Decentraland is another example where users can purchase virtual land using non-fungible tokens. Each piece of land has a different value based on its features.
Tokenizing the Real World
The future of non-fungible tokens, however, could go even further.
We could potentially use this technology to tokenize the real world. Your house could be recorded by a non-fungible token on a blockchain, for example. It has a different and unique value to the house next door.
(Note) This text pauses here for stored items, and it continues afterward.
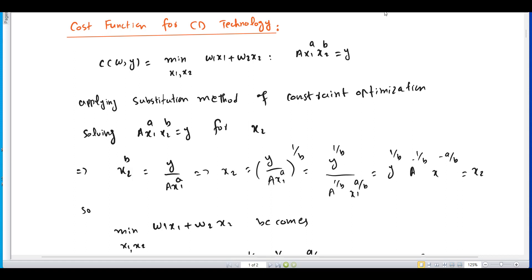In this video lecture we are going to derive the cost function for a Cobb-Douglas production function. We are interested in the minimization of the cost function where the constraint is the Cobb-Douglas production function. The objective function is minimizing total cost subject to a given level of output. There are two approaches: the Lagrangian multiplier method or the substitution method.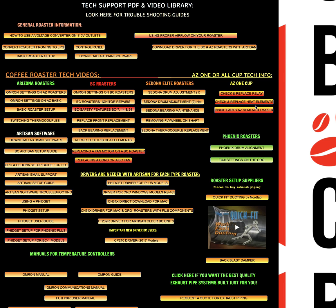This is part two of installing Artisan on your computer and installing the correct driver.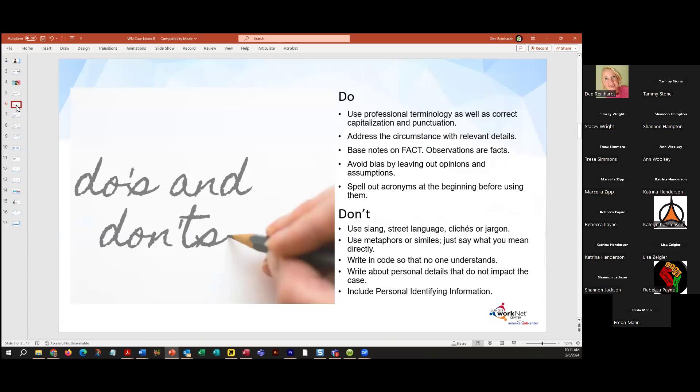Moving into those do's and don'ts: you want to make sure that you're using good terminology with correct capitalization and punctuation. We want them to be fact-based — observations are facts, but we don't want to put opinions in there. There might be somebody reading that case note who doesn't understand a specific acronym. I work with the Department of Human Services, and one program uses ABE, which is their benefit system. But coming from WIIA systems, I thought ABE meant adult basic education — that acronym had me befuddled for I don't know how long. So spell them out at least once so somebody knows what that acronym means.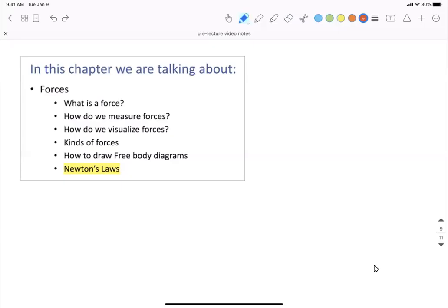Okay everyone, in this class we are going to start discussing the ideas about forces. We will start by discussing what forces are, how we can classify them, and the different types of forces.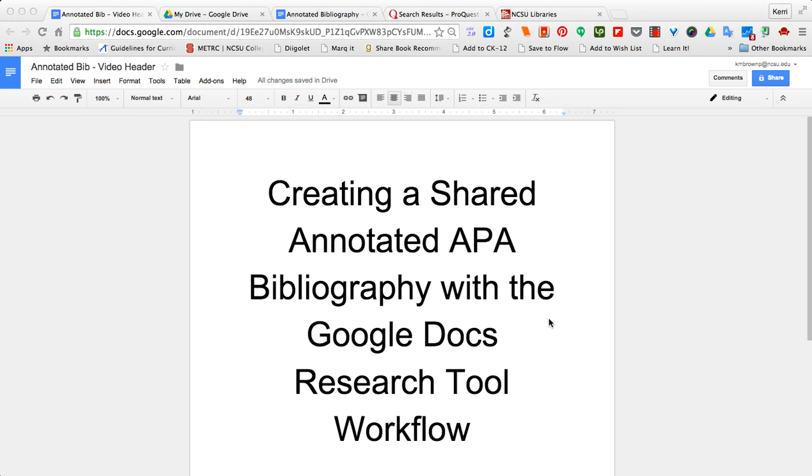This is a quick workflow tutorial on how to use Google Docs, specifically the research tool, to create an annotated bibliography in APA style.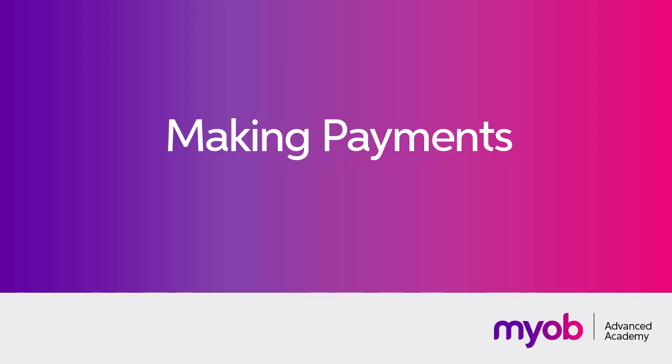Hi, this is Josh from MYOB Enterprise Solutions. In this video, we're going to look at how to manage payments in the Accounts Payable module of MYOB Advanced.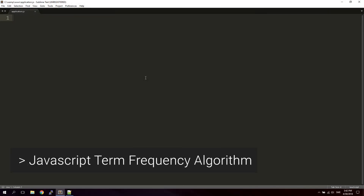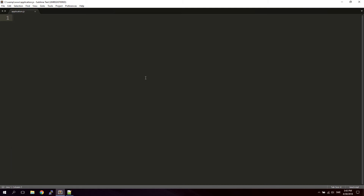In this video we're going to take a look at the term frequency algorithm, which is used to calculate the relevance of a word inside a string. This can be used to create better search functions, and we will be using JavaScript. If you have some old website or application with a search function, you can use this algorithm to get better results. Check out the description for my courses on Udemy if you're a beginner or want to start creating apps.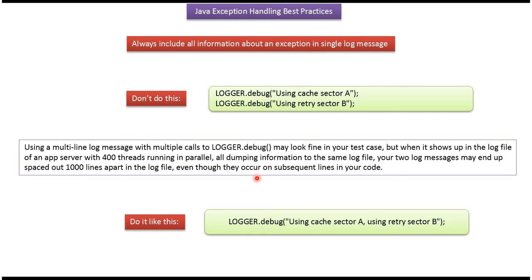Using a multi-line log message with multiple calls to logger.debug may look fine in your test case, but when it shows up in the log file of an app server with 400 threads running in parallel, all dumping information to the same log file...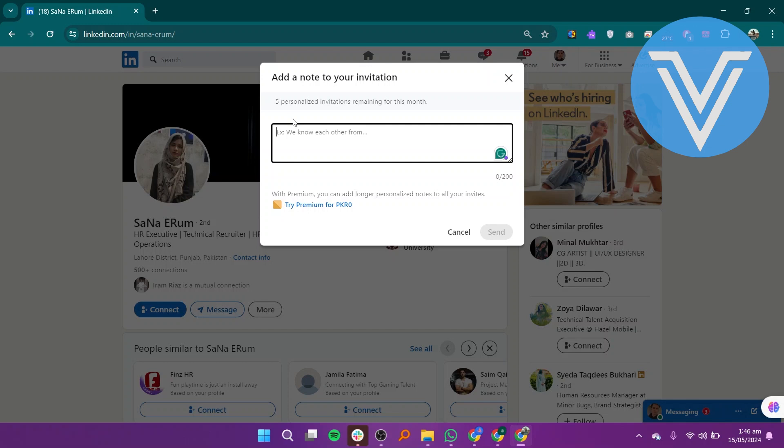Make sure your profile is completed and up to date as recruiters will review it. You can use the same steps to connect with other recruiters.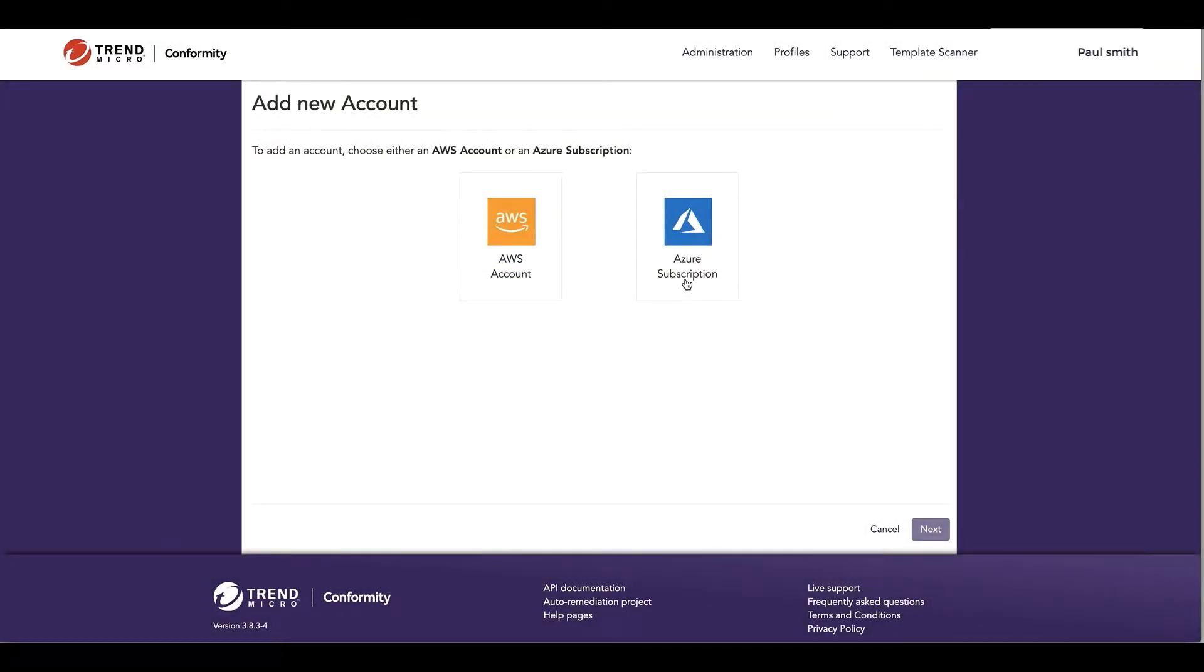Hi, today I'll be taking you through the connection of your first Azure tenant and subscription to Cloud One Conformity. As you can see, I've already registered to Conformity and have signed into the tool.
One city in Vermont is already experimenting with this idea. South Burlington uses a non-fungible token system to record land registry.
You could also tokenize your car ownership, artwork, and event tickets.
This is often referred to as solving the “provenance” problem, by validating the origins of ownership.
Tokenizing Your ID and Personal Information
The same concept can be applied to people. We all have unique aspects that make us different.
Humans are non-fungible.
That means our passports could be issued as a non-fungible token. Perhaps driving licenses, social security numbers, birth certificates, or university diplomas, too.
Fractional Ownership of Non-Fungible Tokens
If non-fungible tokens are used for artwork or real estate, we can also introduce fractional ownership. In other words, each person can own a smaller piece of something bigger.
In June 2018, an Andy Warhol painting was sold using fractional ownership. 49% of the $5.6 million painting was put up for sale with people using cryptocurrency to purchase a small ownership in the painting.
Let’s say a piece of land is recorded using a non-fungible token. A group of five investors can each own a 20% share of the token (although the token itself cannot be divided like, say, a bitcoin).
The Technical Part – ERC-721 Tokens
Non-fungible tokens are most-commonly created on Ethereum. They are known as ERC-721 tokens. Cryptokitties, for example, uses the ERC-721 token standard to make it work.
ERC-721 tokens are similar to other cryptocurrency tokens. They can be traded on exchanges and held in a wallet. But they are designed to include unique features.
They are different to ERC-20 tokens which are the Ethereum standard for fungible currencies.
Non-fungible tokens might have gained notoriety from a whimsical series of cartoon cats. But their potential is much larger. Non-fungible tokens may lead to the “tokenization of everything,” from real estate to art collections to our own ID.